For every concern I could name? I can quickly find the blessing in it.  Yes, my parents have a tree breaking one limb at a time and tearing holes through their house.  Yet, no one has been injured and my Dad is a handy man.  Yes, I was out of work a very long time and forced to rest. But hey, I had a motel room every night that I needed it and all the amenities of bed and running water.  This list could go on for many pages, but suffice it to say, I am inspired by how Life is turning out to be quite capable of turning on its own course.  Thankful for the balance that God chooses of solitude, company and interactions.

Recently I rode out a severe South Florida thunderstorm on the beach, wrapped in a bedsheet and praying to not be struck by lightning. When the threat rumbled away, I enjoyed the cool clingy dampness of muddy sugar sand caressing my bare feet, flexing, filling the space. Later my footsteps rolled across warm asphalt, steaming across a parking lot.  The simple notice of the senses of touch, smell, sound, taste, and sight just filled my being with joy and gladness to be experiencing this very moment in this exact time. No one else felt or saw the rain on my face quite like I did. I surely had the entire beach alone as far as my eyes could see.

Choosing to take the down times as opportunities to write, my every being is grateful for the intellect to search for words to express my heart and soul.  There is freedom here. It is a gift to have time to write.  I have been gentle with myself in this recent bout of Process and have been tenderly sorting my wishes, hopes, and dreams.
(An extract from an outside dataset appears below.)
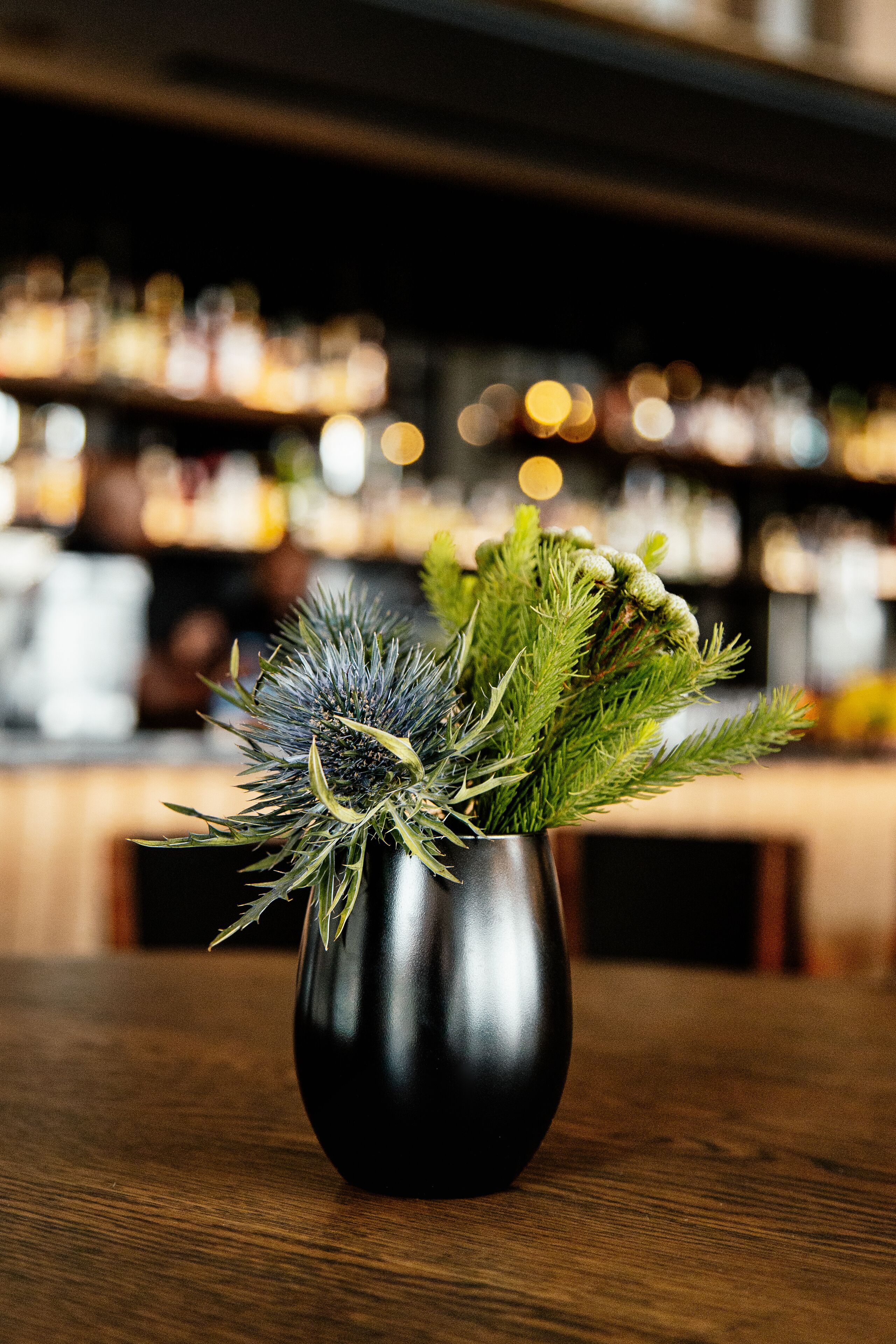 Un vase noir orné de feuilles vertes, posé sur une table en bois dans un bar.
I am determined to champion all that is GOOD and RIGHT instead of giving attention to what may be lacking or wrong.

I am definitely celebrating the lives of myself, my girls, family and friends, and I am not judging them or placing limits on God in their lives.

This season set apart does not seem to be a calling to brokenness. This time it feels like an expectant pause, a pregnant miracle, growing, developing, maturing. I have had extremely potent bursts of clarity, energy, pure divine revelation and an excess of hunger for the fullness of the present moment. I am here in this place for a reason. There is gratitude that wells up in me for this new direction, vision and hope.

Resting, listening, in the calm that comes when the clamor ceases, I am beginning to be sensitive again to hear the still, small voice of calm.